I usually feel anxious when another driver decides to give me the finger, cut me off, lean on his horn, or swear at me, but this time I felt strangely elated. Screwing that guy felt right. And his behavior seemed more childish than threatening. If he wanted to raise his blood pressure by getting angry then that was his choice.

That evening I went to a Publix in Casselberry to pick up some things for the weekend. The exit lane had a traffic light, and there were five cars stacked up ahead of me. The driver in front of my car had pulled over to the far right and had her right hand turn signal on. There was room enough for me to slide ahead of her and get into the left hand turn lane. However when I passed her she looked up from her cell phone and shouted, “Hey!” She sounded offended as if I had jumped her place in line. I wondered if she had flipped the wrong turn signal and wanted to make a left hand turn. When the light turned green I waited to let her pass ahead of me in case she wanted to go left. She didn’t. When she reached the light she turned right.  I hadn’t impeded her progress in any fashion.  But before she exited the lot and as she passed by me she leaned out the window and cursed. “You fucker!” she screamed at me.
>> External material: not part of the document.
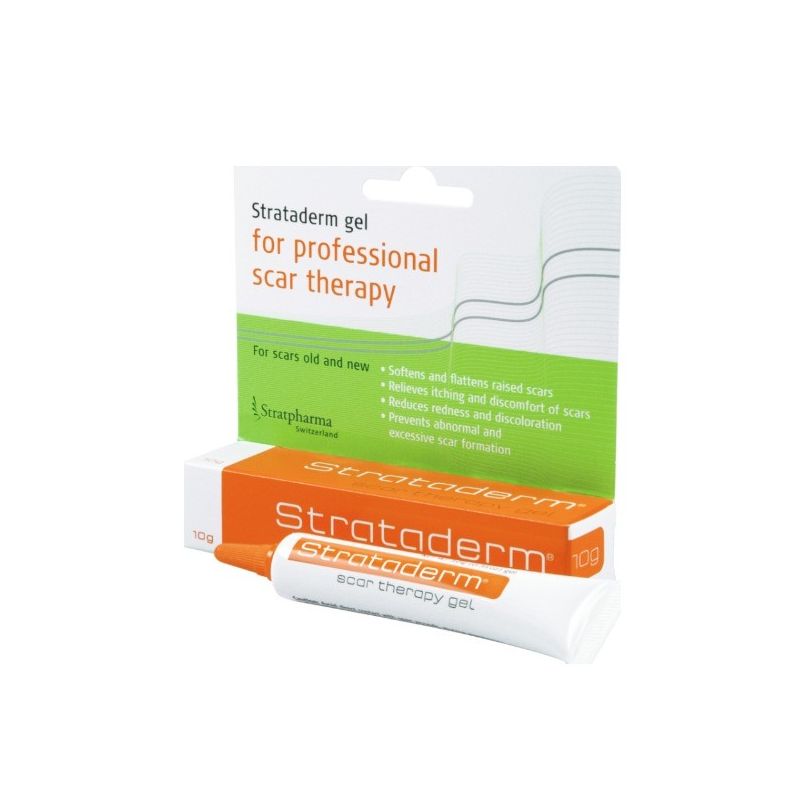 Strataderm Scar Therapy Gel Σιλικόνης για Ουλές 10gr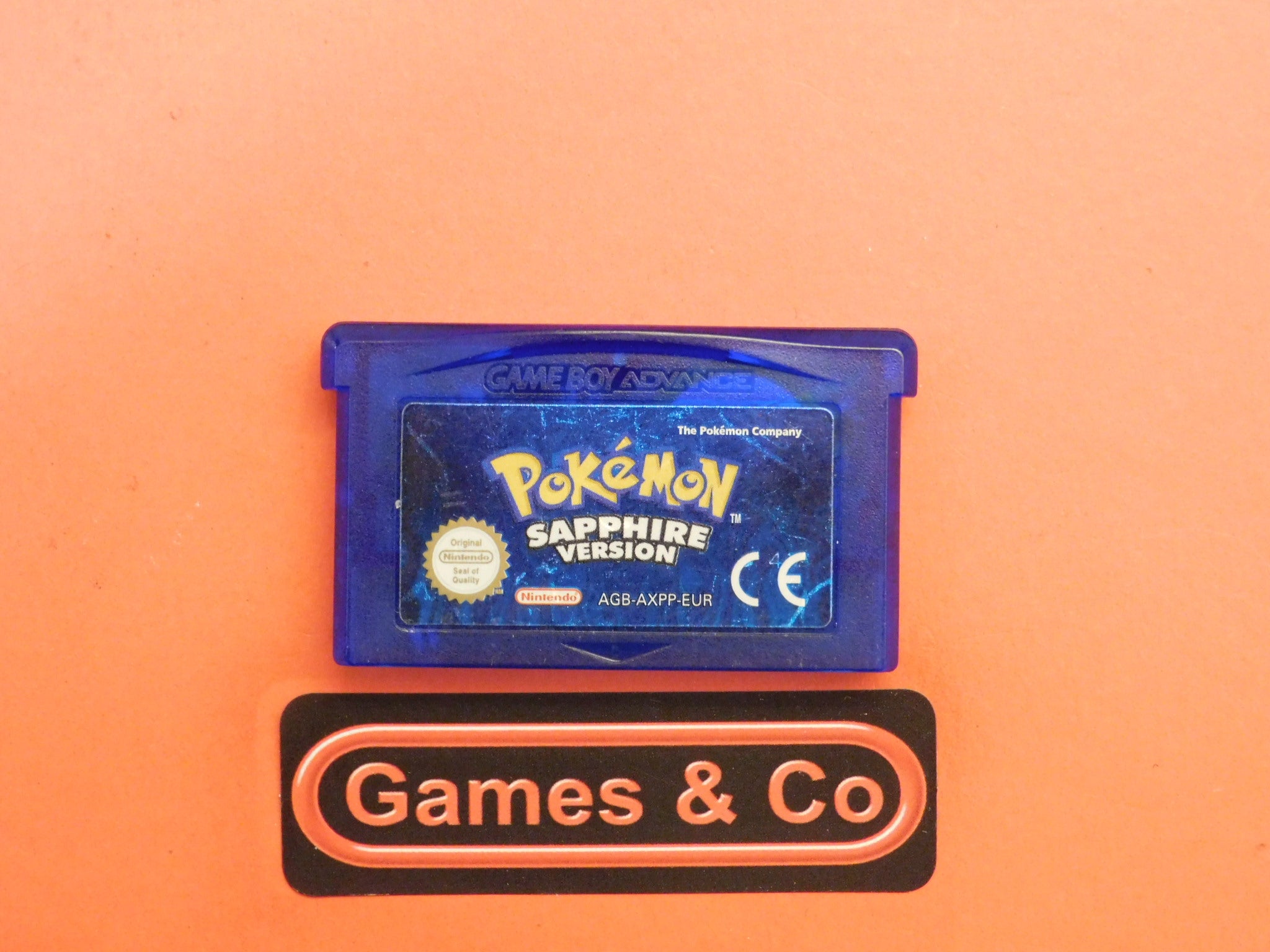 POKEMON SAPPHIRE VERSION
I felt a little quiver of excitement as her verbal assault fully registered, and on the way home I got that strange feeling of elation again. I felt both amused and full of energy as if the woman’s curse had somehow worked in reverse and had become a blessing.

I’ve been driving in Orlando for 24 years. Prolonged exposure to congested roads, tourists wandering lost from lane to lane, and impatient creeps who truly don’t care how recklessly they drive, may have inured me to normal feelings of outrage. Or perhaps I’ve developed a sense of detachment that borders on a state of Zen awareness…or maybe I’ve become a sadistic creep who enjoys the self-inflicted misery of my fellow drivers.

I think that the last one sounds about right.